Assertion 2 - Gore Blames a Major Forest Fire on Global
Warming: "There's only a one in one-thousandth chance
that [1998's major Florida wildfire] is normal without the effects
of global warming factored in." -Al Gore, June 30, 19988
Evaluating His Claim: With or without global warming, major forest
fires occur.
Prior to settlement of North America,
during the Little Ice Age, an estimated four to eleven percent
of the land mass that is now the United States burned each year.9 Explorers Sir Francis Drake and Giovanni da
Verrazano reported seeing fires in Florida during the Little
Ice Age. The National Interagency Fire Center says naturalist
William Bartrum, working in the 1700s, reported seeing fires
burning somewhere in Florida nearly every day.10
The July 1998 wildfires to which Gore
referred, which burned a half-million acres in Florida, were
caused and then exacerbated by an unusually high number of lightening
storms and by record-breaking drought,11
not directly by any global warming.
But what about indirectly?
Says The National Center's David Ridenour:
"The then-vice president's reasoning went like this: Human
beings, through their burning of fossil fuels, are accelerating
global warming. This increased global warming, in turn, is inducing
more frequent and more powerful El Niños. In Central Florida
in 1998, El Niño produced heavier rains in the spring,
which increased vegetation, and a drought in the summer created
the ideal conditions for wildfires. Unfortunately for Gore, however,
droughts in Florida appear to be no more common during El Niño
years than non-El Niño years. The most severe droughts
this century occurred during 1907-1908, 1932-1933, 1963-1964
and 1980-81, not the strong El Niño years 1904-1905, 1917-1918,
1940-1941, 1957-1958, 1965-1966, 1972-1973, 1982-1983 and 1991-1992.
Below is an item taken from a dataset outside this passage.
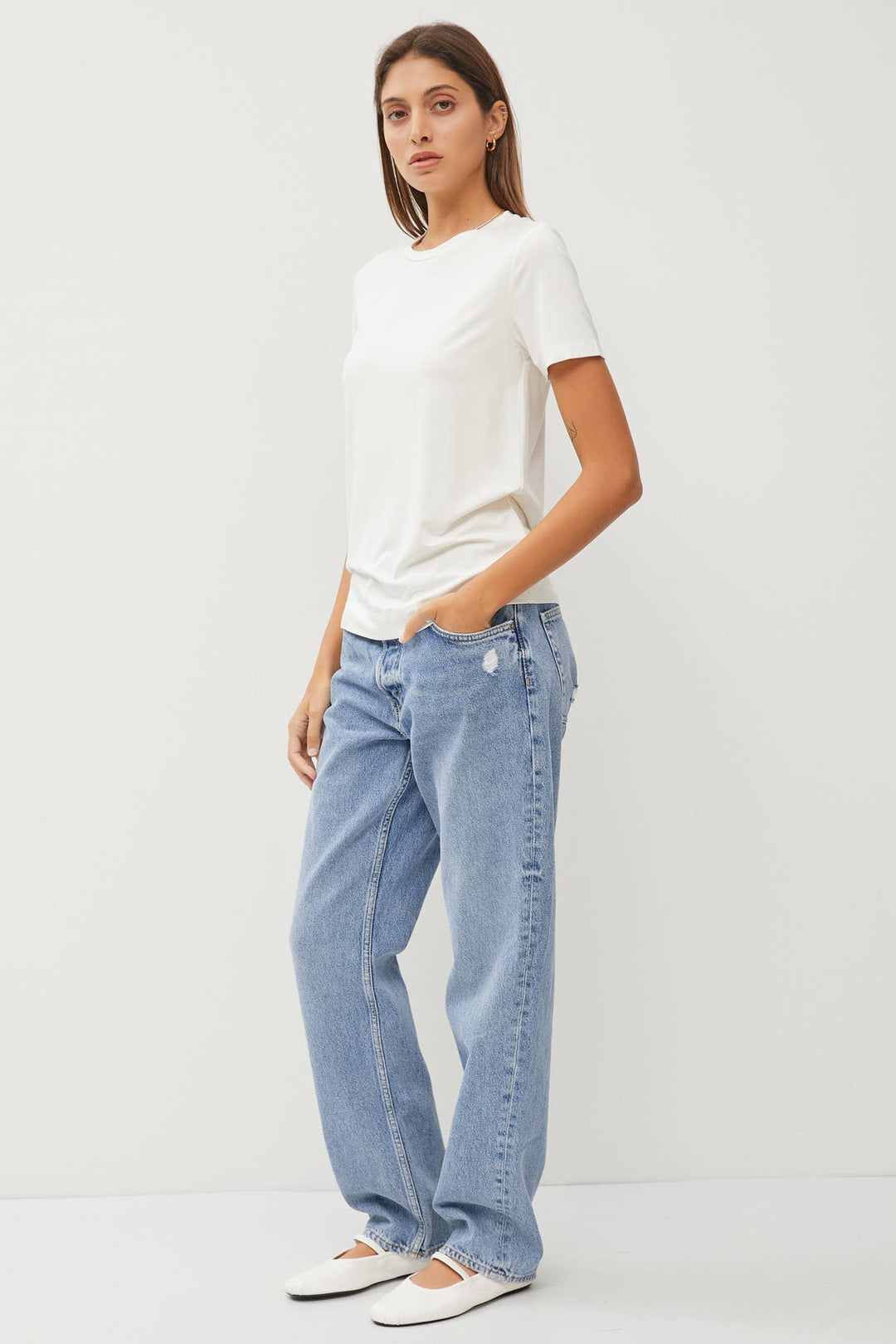 Bamboo/Modal Basic Round Neck T-Shirt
Dr. Patrick Michaels of the University of Virginia examined 100
years of Florida drought history and found that El Niños
have not led to droughts in Florida. Michaels found that wet
conditions prevailed in Central Florida more often than dry conditions
during El Niño years."
At the time of the then-vice president's
remarks, David Ridenour contacted the office of the vice president
to establish a source for the vice president's formulation of
a "one in one-thousandth chance" that major wildfires
could erupt except under conditions of global warming. He received
no reply.
Conclusion: Gore's conclusion that global warming caused
or was a cause of severe wildfires in Florida in 1998 cannot
be borne out scientifically. Gore may nonetheless believe it
is true.
Assertion 3 - Gore Says Glaciers are Melting Due to Global Warming: "I have come here today because Glacier
National Park faces a grave threat to its heritage -- and it's
one that can't be met with a simple restoration plan. The 50
glaciers in this park -- which date back to the last Ice Age,
10,000 years ago -- are melting away at an alarming rate... What's
happening at Glacier National Park is strong evidence of global
warming over the past century -- the disruption of our climate
because of greenhouse gas emissions into the atmosphere, all
over the world. The overwhelming evidence shows that global warming
is no longer a theory -- it's a reality... we see all around
us today glaciers that have survived for 10,000 years, now facing
the prospect of melting away in a single century." - Al
Gore, September 2, 199712
Evaluating His Claim: The behavior of a single glacier or group of
glaciers does not prove or disprove the global warming theory.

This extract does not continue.